In the 1970s, while director of the American Jewish Archives, Marcus publicly shared the account of Regina Jonas in response to the ordination of Rabbi Sally Priesand in 1972. Marcus informed The American Israelite in July 1973 that the only other known Jewish woman to receive ordination was Regina Jonas of Berlin but that she perished at the hands of the Nazi regime. Marcus also provided the title of Jonas' thesis, "Can a Woman Become a Rabbi?".

In 1949, he was elected president of the Central Conference of American Rabbis (CCAR), a position he served in until 1951.

Marcus died on the eve of November 14, 1995, at the age of 99.

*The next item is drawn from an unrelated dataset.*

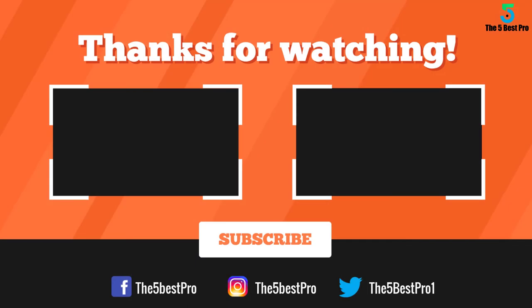Thank you for watching, guys. I hope you liked this video. If this video was helpful to you, please remember to leave a like, comment, and subscribe to my channel for more videos. If you have any questions related to these products, you can leave a comment below and I'll get back to you as soon as I can.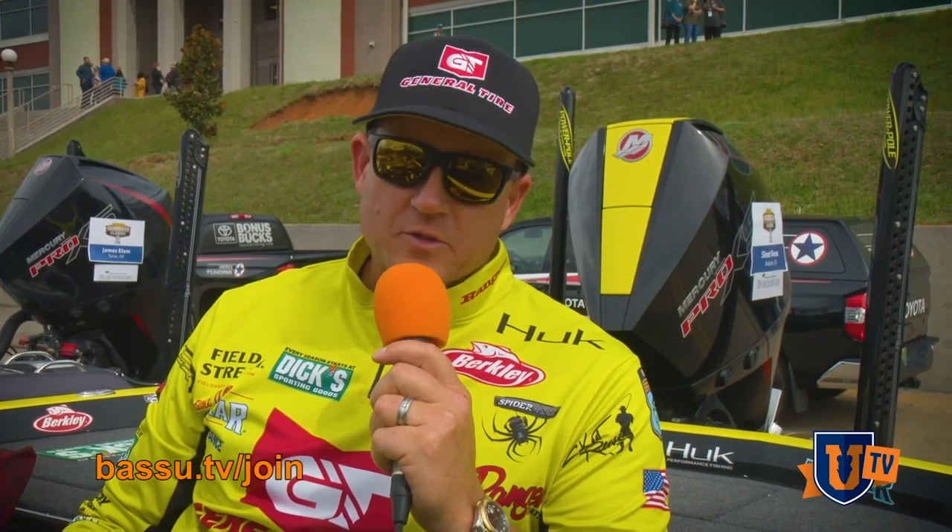It's Mike Iaconelli. This is Bass UTV. Here's what's awesome about Bass UTV: you get the top instructors and real tools that help you catch more fish consistently. That's why you want to check out Bass UTV. Join the Bass U family. Welcome to Bass UTV.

Marcus was the mentor of Jonathan Sarna.

==Works==

- The Rise and Destiny of the German Jew. Cincinnati: Union of American Hebrew Congregations, 1934.
- The Jew in the Medieval World: A Source Book, 315-1791. Cincinnati: Union of American Hebrew Congregations, 1938.
- Communal Sick-Care in the German Ghetto. Cincinnati: The Hebrew Union College Press, 1947
- Early American Jewry, Volume 1: The Jews of New York, New England, and Canada, 1649-1794. Philadelphia: Jewish Publication Society of America, 1951.
- Early American Jewry, Volume 2: The Jews of Pennsylvania and the South, 1655-1790. Philadelphia: Jewish Publication Society of America, 1953.
- Memoirs of American Jews, 1775-1865. Philadelphia: Jewish Publication Society of America, 1955.
- On Love, Marriage, Children...and Death, Too: Intimate Glimpses into the Lives of American Jews in a Bygone Age as * Told in Their Own Words. Cincinnati: Society of Jewish Bibliophiles, 1964.
- Studies in American Jewish History: Studies and Addresses. Cincinnati: The Hebrew Union College Press, 1969.
- The Colonial American Jew, 1492–1776: Volume I, II, and III. Detroit: Wayne State UP, 1970
- Israel Jacobson: The Founder of the Reform Movement in Judaism. Cincinnati: The Hebrew Union College Press, 1972.
- The American Jewish Woman, A Documentary History. Hoboken, NJ: Ktav 1981.
- To Count a People: American Jewish Population Data, 1585 — 1984. Lanham, MD: UP of America, 1990.
- United States Jewry 1776–1985. Vol. 1: The Sephardic Period Detroit: Wayne State University Press, 1989. 820 pp.
- United States Jewry 1776–1985. Vol. 2: The Germanic Period. Detroit: Wayne State University Press, 1991. 419 pp.
- United States Jewry 1776–1985. Vol. 3: The Germanic Period, Part 2. Detroit: Wayne State University Press, 1993. 925 pp.
- United States Jewry 1776–1985. Vol. 4: The East European Period: The Emergence of the American Jew; Epilogue. Detroit: Wayne State University Press, 1993. 955 pp.
- The Concise Dictionary of American Jewish Biography. Brooklyn: Carlson Publishing, 1994.
- The Jew in the American World: a source book. Detroit: Wayne State University Press, 1996.